Ick. I much prefer Perl’s version, where
$foo = <<EOSTR;
bah, this is $interpolated
EOSTR
is interpolated and
$bar = <<‘EOSTR’;
$this is a literal ‘$’ followed by ‘this’.
EOSTR
is not. Using separate characters like that is just asking for
confusion, to my mind, especially when they don’t have any prior
associations to enhance their meaning.

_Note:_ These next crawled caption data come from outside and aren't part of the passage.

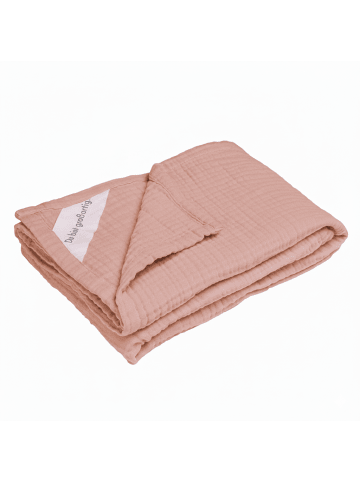 Räuberella Musselin Decke zartes Rosenholz in Rosa -100 x 75 cm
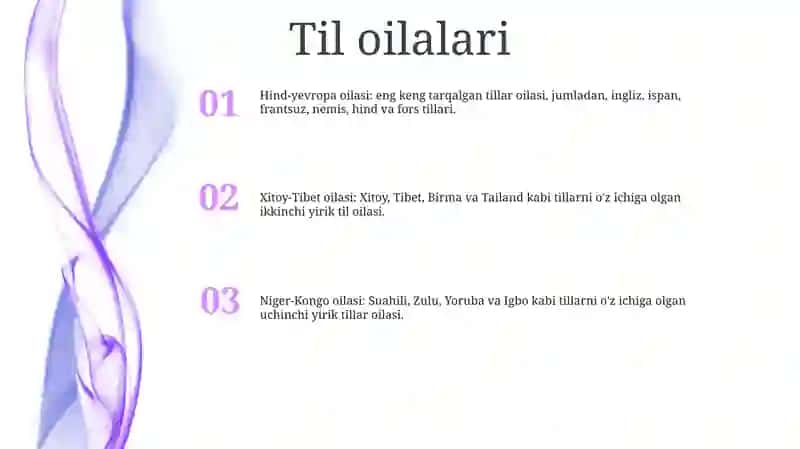 Til oilalari 2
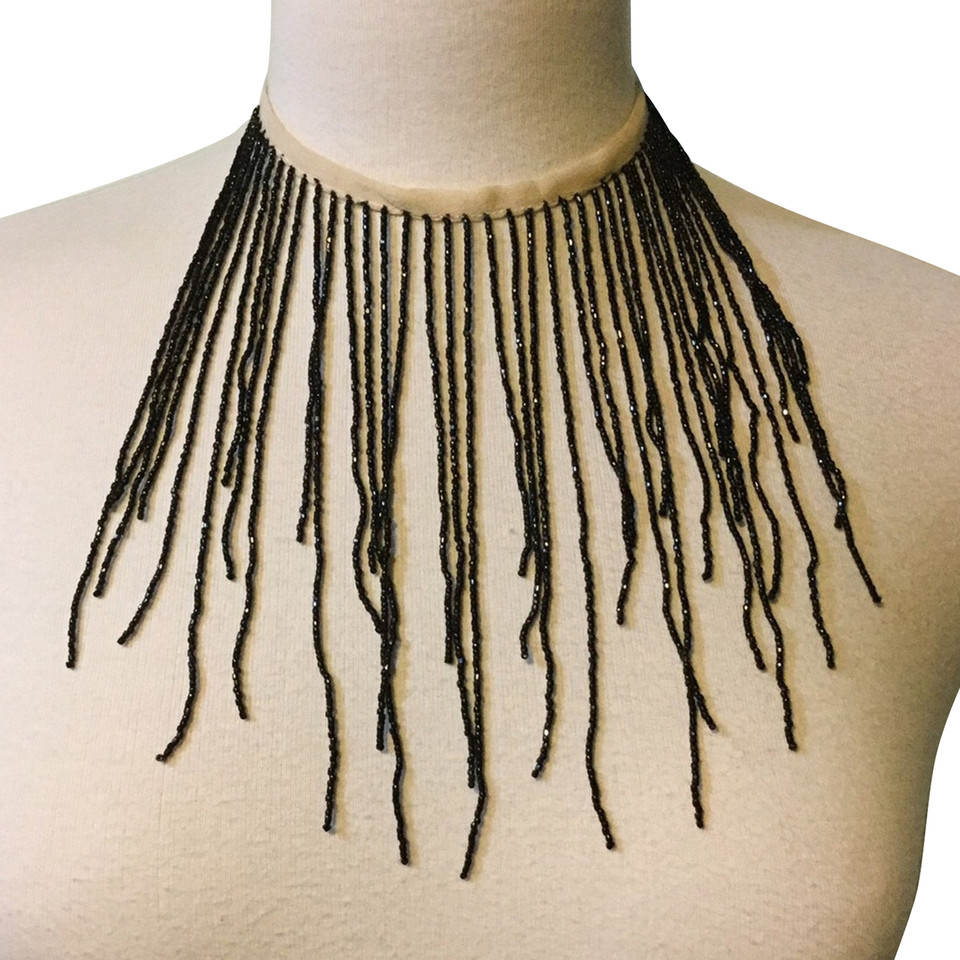 Ann Demeulemeester in kristallen Ketting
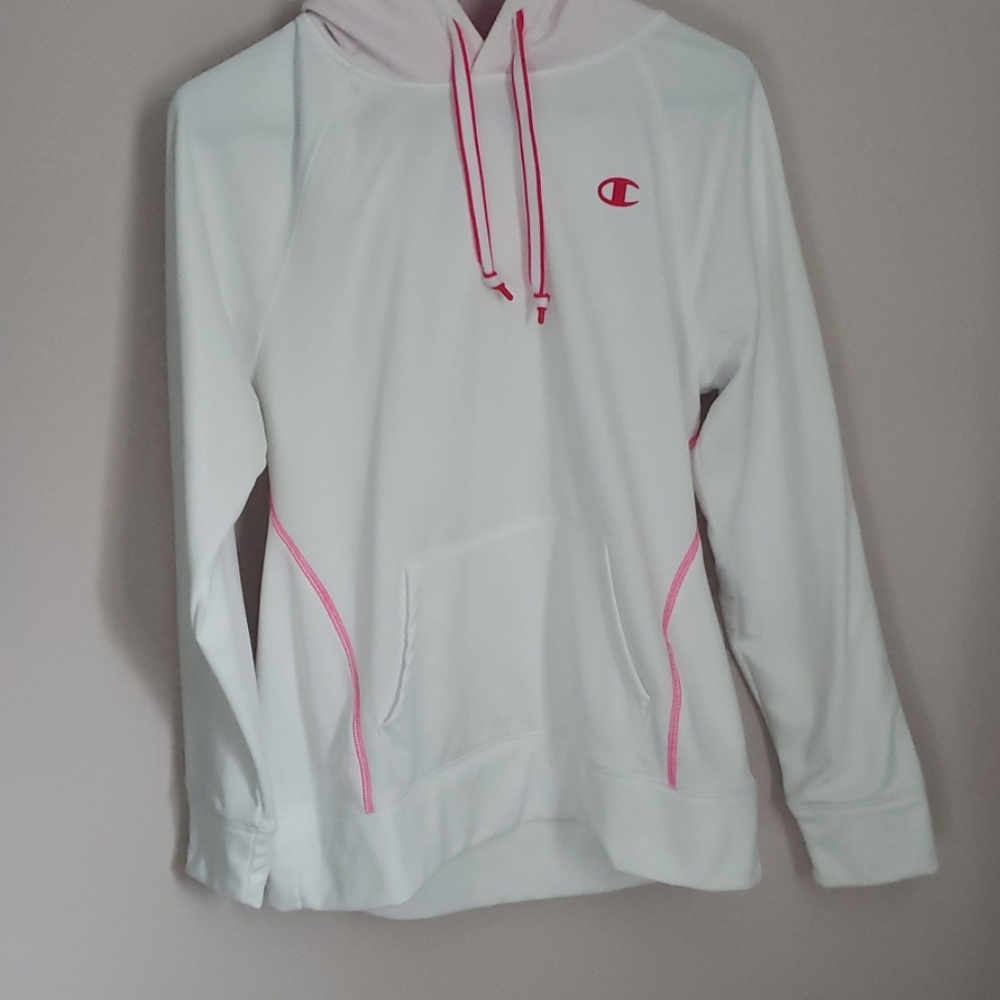 New Champion white and pink athletic wear size M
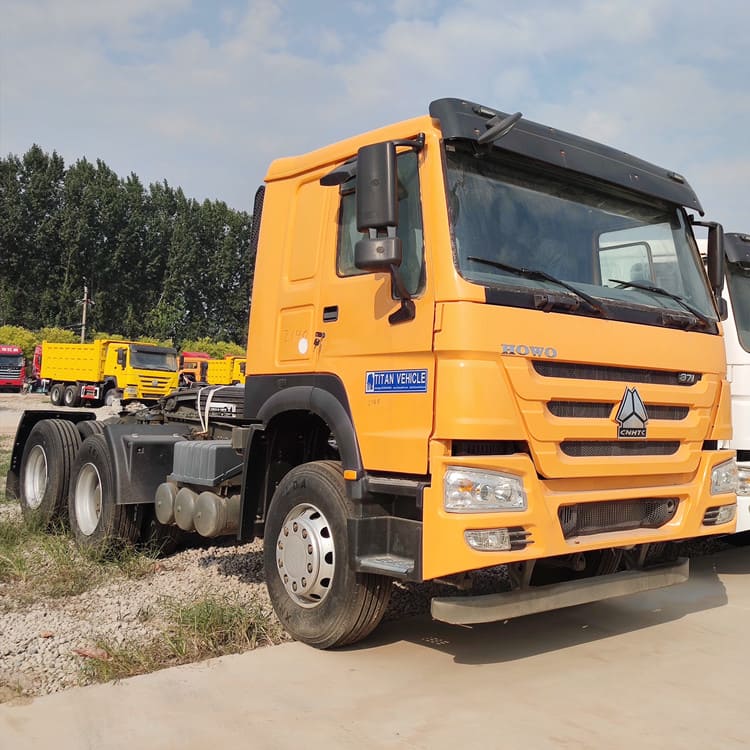 Slightly Used Howo Tractor Truck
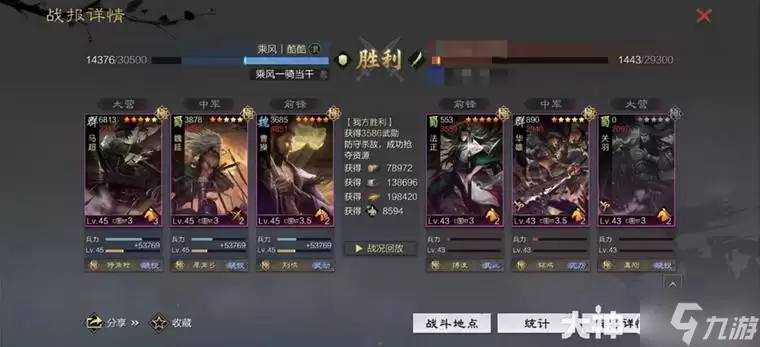 《率土之滨》当前版本10大强力队伍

Why not at least reuse the ones
we already have?
I don’t suppose this would parse very well (seems that it would conflict
with already existing syntax), but it would be nice:
s1 = <<"I
"am
"#{interpolated}
s2 = <<'I
'am
'not
'#{interpolated}
Whether it be ‘|’ or something else, what I like about nobu’s proposal
with Dave’s suggested modification is that it’s easy to see visually where
the doc ends, and there’s no wacky end terminator hanging out (apparently)
in the middle of nowhere.
No matter what, it seems here-docs would become more complex and I don’t
think matz will finally make it.
then i suggest this: let us LET HERE DOCUMENTS BE. they are an adoption (from
Perl?), are they not?
instead let’s work the idea into the “Ruby Way”. and we can do this in, what i
think is, a very elegent manner akin to the indented terminator of here
documents:
non-substitution:
%q-|foo
> bar
with-substitution:
%Q-|foo
> #{Time.now}
of course we have our little shortcut for the later:
%-|foo
> #{Time.now}
and, how nice! we can use any character we like (except a blank space)
%-)foo
) bar
the trick of course is in the - dash, which obviously i stole from <<-HERE.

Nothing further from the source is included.